The full plot is too crazy to go into, but it starts with David Spade as a wimpy loser. At a class reunion, he rekindles a friendship with wild man Adam Sandler, who ultimately fakes both their deaths for a fresh start that takes them into a big conspiracy that ends long after you’ve stopped keeping track of it. Luckily, they repeatedly spell everything out for you, so you can watch a different movie on your phone and still know what’s happening while not caring.
Everyman Sandler, Sad Sandler, or Wild Sandler?
Wild Sandler. He doesn’t do a voice in this one, but he shoots guns. The problem is his character lies through the whole movie, and it’s that kind of acting where the audience is supposed to suspect he’s lying but not know the truth so they can feel smart but not know why. By design he rarely acts with sincerity. Unfortunately, this keeps us at arm's length from him, pushing all our concern onto David Spade, which is not a good idea.
Sandler Regulars Present
Obviously David Spade, but Nick Swarsdon shows up as well. Near the end there is a Robert Smigel cameo.
Of the non-Sandler actors, Luis Guzmán and his fake sweaty testicles (which we see) take the cake, but we also get Paula Patton, Kathryn Hahn, Michael Chiklis and Matt Walsh.
Would It Make It To Theaters?
No, not like this. Not this R-rated and not co-starring David Spade. If someone as high profile as Adam Sandler co-starred maybe, but I don’t think such a pairing would be used on this plot. This has a very made-for-streaming lack of urgency and scope.

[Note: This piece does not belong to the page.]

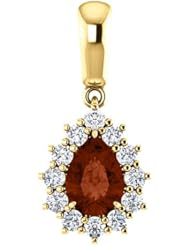 18K Yellow Gold 7.00x5.00mm Pear Cut Mozambique Garnet and Diamond Pendant -- LIFETIME WARRANTY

Is it funny, or does it just sound funny?
It just sounds funny. Again, hate THE RIDICULOUS 6 all you want, but it at least had joke construction. Most of the jokes here feel like they were written by a Hooters. Women are not treated well at all, and gay panic jokes about like it’s 1991 or something. It comes close to be being funny and I like the audacity of its R-rating being used mostly to show us Luis Guzmán’s balls and some crazy old lady breasts, but there’s not much here, especially once the conspiracy plot starts taking over in the second half.
Weirdly, the comedy in this film goes with a rule of two instead of the typical rule of three. Nick Swarsdon gets hit by two cars as they burst out of a garage, getting more physically destroyed each time. Then they drop it. Sandler has a weird thing near the end where he twice forgets the word “vice” for some reason. Not great runners, but you keep waiting for a third iteration that never arrives. Revolutionary!
Torsten Voges plays a hitman who does a bunch of gymnastics. He’s about as funny as the film gets.
Is it too goddamn long?
Yes, at around 110 minutes, THE DO-OVER is too goddamn long. And this time it’s not because of fun diversions. There’s just too much plot.
Bad Sandler, Good Sandler, or Great Sandler?
Bad Sandler. I’ve now seen this twice (whoops, I accidentally lied in the intro), so I’m saying this with confidence. This sort of free for all, who cares stuff haunted a lot of Sandler’s theatrical films, but it’s even worse here.